Del mismo modo, únicamente la ciega sumisión (a la letra que no al espíritu) de gran número de marxistas a lo que ellos consideran, en méritos de una superficial interpretación, como el pensamiento de Marx y de Engels, explica que la Rusia soviética y los organismos culturales de los países sometidos a su control, sigan la deplorable actitud de corear a quienes nos hemos referido anteriormente, y permiten que se vuelvan a iniciar, y, lo cual es todavía peor, que adquieran gran tensión pasional, unos debates que, después de Hegel, ya no pueden tener lugar. Basta con citar a Hegel para que los ceños se frunzan, en los ámbitos revolucionarios. ¡A Hegel, al hombre que pretendió poner la dialéctica cabeza abajo, piensan los revolucionarios! Inmediatamente os miran como a un ser sospechoso, y, como sea que las tesis marxistas sobre arte y poesía, tesis que, dicho sea, incidentalmente, escasean y son poco convincentes, han sido todas improvisadas mucho después de Marx, el primer filisteo recién llegado puede lograr el general aplauso con sólo lanzar a la cabeza del auditorio los términos «literatura y pintura de combate», «contenido de clase», etc., etc.
Sin embargo, Hegel existió.

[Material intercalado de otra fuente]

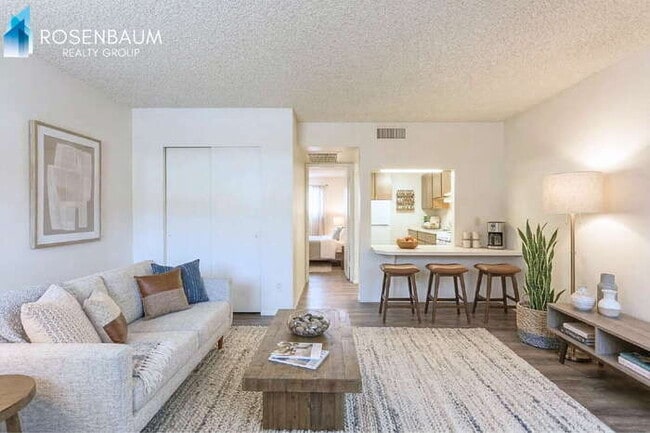 Photo - 9230 N 6th St Unidad 3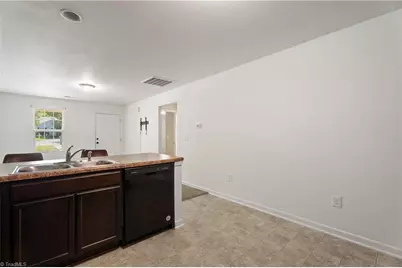 1813 Alyssum Place, Winston-Salem, NC 27127 - Photo 9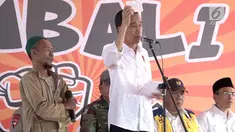 Jokowi membagikan bantuan untuk rekonstruksi rumah para korban gempa di NTB.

Existió y, con mucha antelación, dictó sentencia sobre las hueras acusaciones que ahora se nos formulan. Sus opiniones en materia de arte y poesía, que son las únicas, hasta el presente momento, que derivan de una cultura enciclopédica, siguen siendo, ante todo, propias de un maravilloso historiador; nadie puede decir que estas opiniones estén viciadas a priori por los compromisos derivados del sistema adoptado, y si, pese a todo, el lector materialista advirtiera, en el curso de los desarrollos forzosamente suscitados por este sistema, la existencia de dichos compromisos, éstos únicamente quedarían traducidos en unos cuantos errores fácilmente rectificables. Lo esencial es que se formó un conjunto verdaderamente único de conocimientos, y que este conjunto de conocimientos pudo someterse a la acción de una máquina a la sazón totalmente nueva, ya que el propio Hegel la había inventado, de una máquina cuya potencia ha demostrado ser única, a saber, la máquina dialéctica. Creo que, incluso en nuestros días, es a Hegel a quien debemos recurrir para averiguar si la actividad surrealista en materia artística está o no está sólidamente fundada. Únicamente Hegel puede decir si esta actividad estaba predeterminada en el tiempo, únicamente Hegel puede aclararnos si la duración futura del surrealismo habrá de contarse en días o en siglos.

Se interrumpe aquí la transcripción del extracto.